[THE PROBLEM] The expected output is exactly the lines below, starting at the line with "rose_v_jericho" and ending at the line with "Real Tree isolated", both included; no other line belongs in it.

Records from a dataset
-- -- --

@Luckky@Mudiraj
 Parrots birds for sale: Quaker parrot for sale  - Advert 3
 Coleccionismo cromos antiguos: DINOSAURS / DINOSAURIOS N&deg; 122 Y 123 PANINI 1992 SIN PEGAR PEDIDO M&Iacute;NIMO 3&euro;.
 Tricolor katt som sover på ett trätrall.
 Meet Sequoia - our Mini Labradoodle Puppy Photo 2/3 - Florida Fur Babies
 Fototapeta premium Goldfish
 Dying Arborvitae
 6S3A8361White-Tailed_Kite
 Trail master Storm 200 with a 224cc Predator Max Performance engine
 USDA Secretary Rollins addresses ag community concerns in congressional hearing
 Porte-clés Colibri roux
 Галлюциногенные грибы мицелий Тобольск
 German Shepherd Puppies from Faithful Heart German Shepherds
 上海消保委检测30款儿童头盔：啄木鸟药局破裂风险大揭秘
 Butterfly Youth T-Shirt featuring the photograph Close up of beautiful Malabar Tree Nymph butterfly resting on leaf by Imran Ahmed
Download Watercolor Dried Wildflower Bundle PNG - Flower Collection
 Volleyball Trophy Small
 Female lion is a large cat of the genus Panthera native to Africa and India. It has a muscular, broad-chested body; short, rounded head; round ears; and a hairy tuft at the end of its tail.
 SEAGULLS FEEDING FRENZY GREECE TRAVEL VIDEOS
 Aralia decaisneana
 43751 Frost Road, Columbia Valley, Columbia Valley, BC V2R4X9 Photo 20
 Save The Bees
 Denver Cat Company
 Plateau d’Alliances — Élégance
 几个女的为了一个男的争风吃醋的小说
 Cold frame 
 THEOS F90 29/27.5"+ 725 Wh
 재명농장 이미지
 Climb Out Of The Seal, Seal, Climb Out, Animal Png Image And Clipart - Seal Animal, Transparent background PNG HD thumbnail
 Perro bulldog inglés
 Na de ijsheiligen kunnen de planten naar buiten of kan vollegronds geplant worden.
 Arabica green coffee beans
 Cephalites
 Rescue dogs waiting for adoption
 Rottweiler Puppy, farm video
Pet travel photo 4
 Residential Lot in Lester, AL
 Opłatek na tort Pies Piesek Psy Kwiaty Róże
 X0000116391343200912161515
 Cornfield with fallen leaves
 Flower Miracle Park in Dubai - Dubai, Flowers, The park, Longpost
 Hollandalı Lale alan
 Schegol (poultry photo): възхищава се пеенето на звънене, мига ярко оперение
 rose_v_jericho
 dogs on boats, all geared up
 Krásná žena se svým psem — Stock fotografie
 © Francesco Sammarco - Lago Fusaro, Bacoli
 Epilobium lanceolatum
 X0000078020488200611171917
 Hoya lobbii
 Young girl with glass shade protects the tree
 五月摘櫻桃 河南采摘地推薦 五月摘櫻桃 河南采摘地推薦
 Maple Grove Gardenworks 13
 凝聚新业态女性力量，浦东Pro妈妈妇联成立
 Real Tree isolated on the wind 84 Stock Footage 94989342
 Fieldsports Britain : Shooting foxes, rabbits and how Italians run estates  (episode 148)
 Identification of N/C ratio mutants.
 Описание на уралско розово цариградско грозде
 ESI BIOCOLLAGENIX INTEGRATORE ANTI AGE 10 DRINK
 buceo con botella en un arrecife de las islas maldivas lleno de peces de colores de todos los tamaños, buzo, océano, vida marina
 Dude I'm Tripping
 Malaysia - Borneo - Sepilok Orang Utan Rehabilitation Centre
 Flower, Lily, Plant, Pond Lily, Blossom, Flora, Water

-- -- --

[SOLUTION FOR THIS PROBLEM]
 rose_v_jericho
 dogs on boats, all geared up
 Krásná žena se svým psem — Stock fotografie
 © Francesco Sammarco - Lago Fusaro, Bacoli
 Epilobium lanceolatum
 X0000078020488200611171917
 Hoya lobbii
 Young girl with glass shade protects the tree
 五月摘櫻桃 河南采摘地推薦 五月摘櫻桃 河南采摘地推薦
 Maple Grove Gardenworks 13
 凝聚新业态女性力量，浦东Pro妈妈妇联成立
 Real Tree isolated on the wind 84 Stock Footage 94989342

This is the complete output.